This early in the session there are a flurry of bills being sent to the various committees for consideration, with no bills coming out of committee yet for general debate. The uncertainty looming over us all is what will happen with a new administration in Washington, especially regarding the federal tax dollars that Vermont depends on for many of our programs to function: particularly health care, transportation, and education.
Some of my work this week has been on government integrity. In my last post I mentioned making a formal objection to a member being seated while the outcome of his race is still under appeal. In brief, absentee ballots were not treated the same way in each town in that district; some were considered spoiled and discarded while similar ballots were counted in other towns.
I have no idea whether the appeal will change the outcome of the race, and that is not the point. What is essential is that we have an electoral process in which every vote is treated equally, especially in very, very close races like this one. State law gives the House final authority to resolve the election, and the Government Operations Committee will be taking this up in the coming week.

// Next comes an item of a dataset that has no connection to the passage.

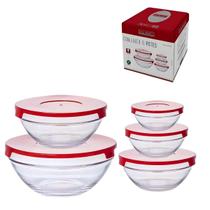 Conjunto de Potes de Vidro Redondo com Tampa com 5 Peças - Hauskraft Conjunto de Potes de Vidro Redondo com Tampa com 5 Peças - Hauskraft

Along with that, I am sponsoring a bill to create a government Ethics Commission and standards of ethical conduct, with a parallel bill in the Senate. The idea was vigorously debated in the Senate during the last session, but the proposal was determined to be too complicated and too expensive. This new proposal is much simpler, much cheaper, and to be frank, less effective. But it puts a framework in place and a timeline to evaluate how best to give it real teeth. The goals are to create a means to resolve complaints of unethical behavior, require more disclosure by public officials, and to create a one-year waiting period before legislators or administration officials can become lobbyists.